(Stored items)
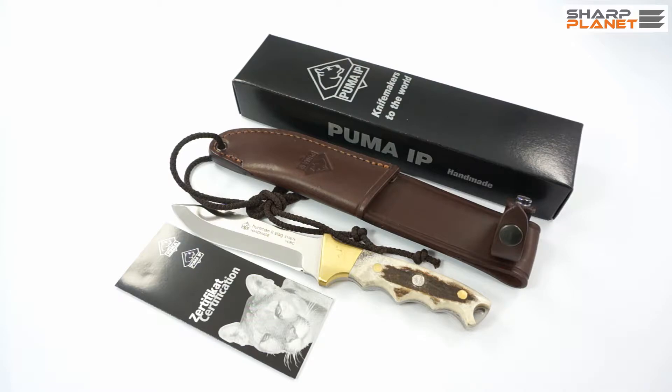Welcome! This is another video in this series in which we are doing short reviews about Puma IP Knives. This is the next model in our lineup. This model is named Huntman 2 Stag, which means Huntman 2nd generation with the Staghorn handle.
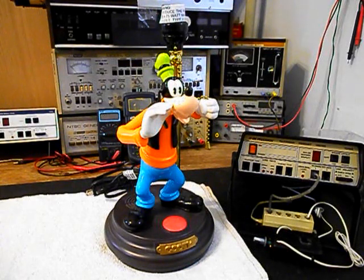We have a lot of work that needs to be done and we want to get a start on this unit. We'll go ahead and take some still pictures of this really cool animated Goofy lamp and we'll come back and get some more video as we move forward in the troubleshooting and repairing process. We'll take a short break and we'll be right back.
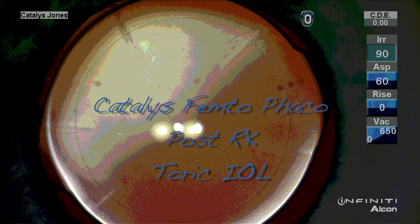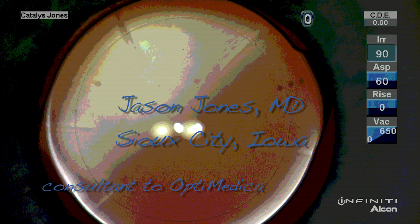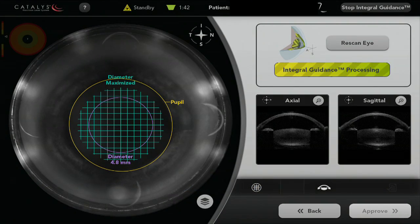For this patient who is 20 years post radial keratotomy, we're going to use a variety of technologies to achieve an excellent stable outcome for her refractive cataract surgery.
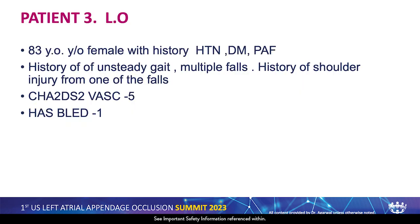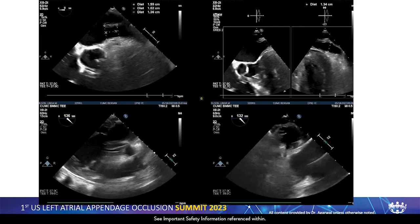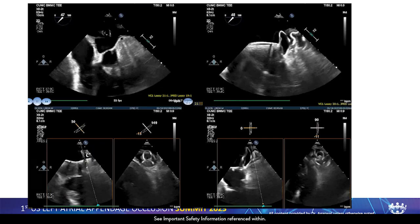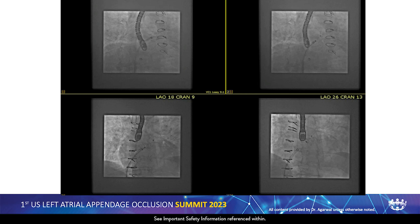Third patient: 83-year-old lady with CHADS-VASc 5 and HAS-BLED 1. The anatomy was very different — very difficult to get adequate TEE images because the patient has a very rotated heart. The Coumadin or PV ridge is very prominent, almost extending to the mitral valve level. Here you must go inferior and a little anterior — mid to anterior — otherwise you'll run into this ridge. Before puncturing, I modify my trajectory on the transseptal needle pointing it right towards the appendage opening. Once the puncture is done, the Versacross wire falls right in the appendage. This lady had a bi-lobed appendage, heavily pectinated, with a very prominent PV ridge — with a good transseptal puncture it was done in one shot, one deployment, no recaptures.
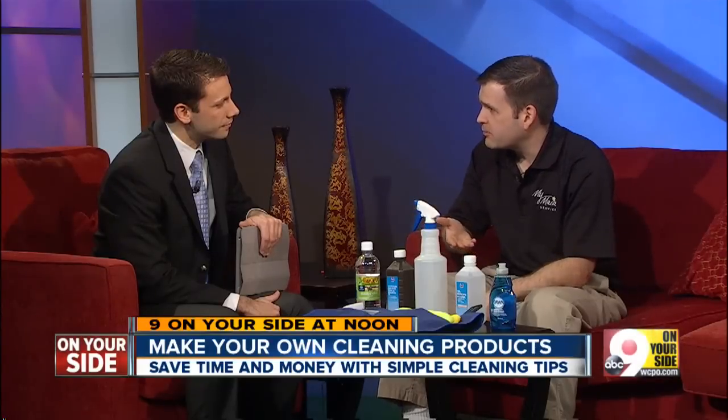Granite tends to get a gray haze on it, and what you see most of the time is actually residue left behind by cleaning products. Using rubbing alcohol and a few drops of Dawn will get it clean, won't hurt the granite, and it doesn't leave that gray haze behind.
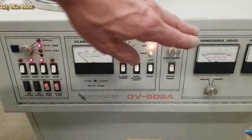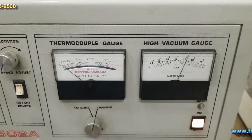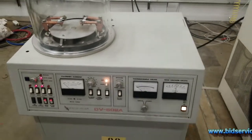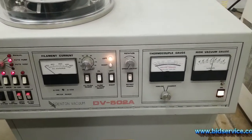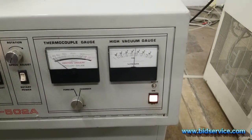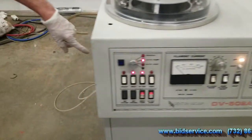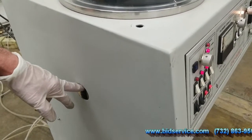We'll let it pump down for a while. We should normally reach around 2 to 3 times 10 to the minus 6 torr. As you can see we're down pretty close to that — about 3 times 10 to the minus 6. If you want to go any lower you can add liquid nitrogen through the port here; you'll need to attach a funnel and pour the liquid nitrogen in.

• Directions for this task:
Keep every word of the data as it is when you write it out, but drop the pictures.

• The completed task:
Welcome! This is another video in this series in which we are doing short reviews about Puma IP Knives. This is the next model in our lineup. This model is named Huntman 2 Stag, which means Huntman 2nd generation with the Staghorn handle.
We have a lot of work that needs to be done and we want to get a start on this unit. We'll go ahead and take some still pictures of this really cool animated Goofy lamp and we'll come back and get some more video as we move forward in the troubleshooting and repairing process. We'll take a short break and we'll be right back.
For this patient who is 20 years post radial keratotomy, we're going to use a variety of technologies to achieve an excellent stable outcome for her refractive cataract surgery.
Third patient: 83-year-old lady with CHADS-VASc 5 and HAS-BLED 1. The anatomy was very different — very difficult to get adequate TEE images because the patient has a very rotated heart. The Coumadin or PV ridge is very prominent, almost extending to the mitral valve level. Here you must go inferior and a little anterior — mid to anterior — otherwise you'll run into this ridge. Before puncturing, I modify my trajectory on the transseptal needle pointing it right towards the appendage opening. Once the puncture is done, the Versacross wire falls right in the appendage. This lady had a bi-lobed appendage, heavily pectinated, with a very prominent PV ridge — with a good transseptal puncture it was done in one shot, one deployment, no recaptures.
Granite tends to get a gray haze on it, and what you see most of the time is actually residue left behind by cleaning products. Using rubbing alcohol and a few drops of Dawn will get it clean, won't hurt the granite, and it doesn't leave that gray haze behind.
We'll let it pump down for a while. We should normally reach around 2 to 3 times 10 to the minus 6 torr. As you can see we're down pretty close to that — about 3 times 10 to the minus 6. If you want to go any lower you can add liquid nitrogen through the port here; you'll need to attach a funnel and pour the liquid nitrogen in.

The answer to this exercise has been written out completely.